In total, 4 different types of predictive models will be built:
  1. XGBoost
  2. Lasso
  3. Random Forest
  4. Linear Regression
Train the models with x_train and y_train, and use the models to make the predictions.
import xgboost as xgb

# XGBoost
model_xgb = xgb.XGBRegressor(objective ='reg:squarederror',
                      learning_rate = 0.1, max_depth = 5, alpha = 10,
                      random_state=RAND_SEED, n_estimators = 1000)
model_xgb.fit(x_train, log_y_train)
xgb_train_pred = np.expm1(model_xgb.predict(x_train))
xgb_test_pred = np.expm1(model_xgb.predict(x_test))

Evaluate accuracy

Then, evaluate the performance of each model by root mean square log error (RMSLE). The reason why RMSLE is used is because the price values are too big, and RMSLE prevents penalising large differences between actual and predicted prices.
from sklearn.metrics import mean_squared_log_error

def rmsle(y, y_pred):
  return np.sqrt(mean_squared_log_error(y, y_pred))
#output:

    XGBoost RMSLE(train):  0.1626671056150446
    XGBoost RMSLE(test):  0.16849945199484243
The train model RMSLE and the test model RMSLE are 0.1627 and 0.1685 respectively.
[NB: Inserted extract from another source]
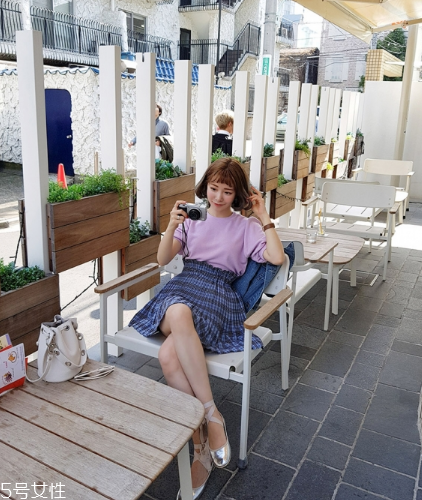 格子裙搭配什么上衣？俏皮少女范兒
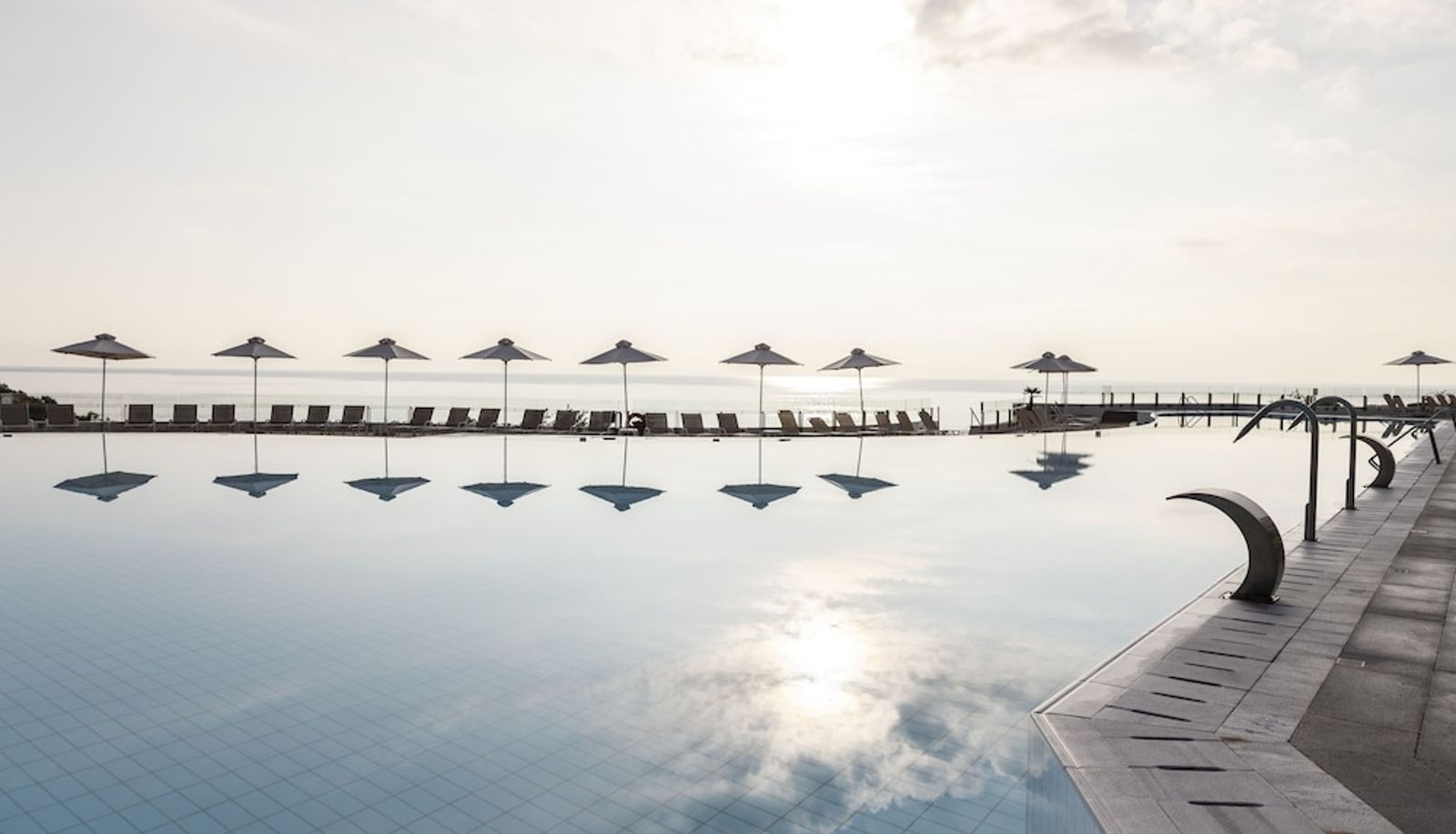 Pool - Apostolata Island Resort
XGBoost uses a more accurate implementation of gradient boosting algorithm and optimised regularisation, and hence, it gives a better result than other models.
However, in this case, the result shows that the model is slightly overfitting the train data. The below figure shows the graph of actual and predicted property price for XGBoost.
plt.figure(figsize=(5,5))
plt.scatter(y_test,xgb_test_pred)
plt.xlabel('Actual Y')
plt.ylabel('Predicted Y')
plt.show()
"The prediction graph for XGBoost."

The graph of actual and predicted house price for XGBoost.

Attention

All investments entail inherent risk. This repository seeks to solely educate people on methodologies to build and evaluate algorithmic trading strategies. All final investment decisions are yours and as a result you could make or lose money.